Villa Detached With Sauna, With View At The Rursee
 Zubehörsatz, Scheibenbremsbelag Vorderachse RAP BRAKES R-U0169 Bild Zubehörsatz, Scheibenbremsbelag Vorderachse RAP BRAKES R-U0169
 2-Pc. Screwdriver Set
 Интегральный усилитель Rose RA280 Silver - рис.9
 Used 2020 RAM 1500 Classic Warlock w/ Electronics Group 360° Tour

____________

Send back, unchanged, every line of the records from the one with "Интегральный усилитель Rose" through the last.

** RESPONSE AREA **
 Интегральный усилитель Rose RA280 Silver - рис.9
 Used 2020 RAM 1500 Classic Warlock w/ Electronics Group 360° Tour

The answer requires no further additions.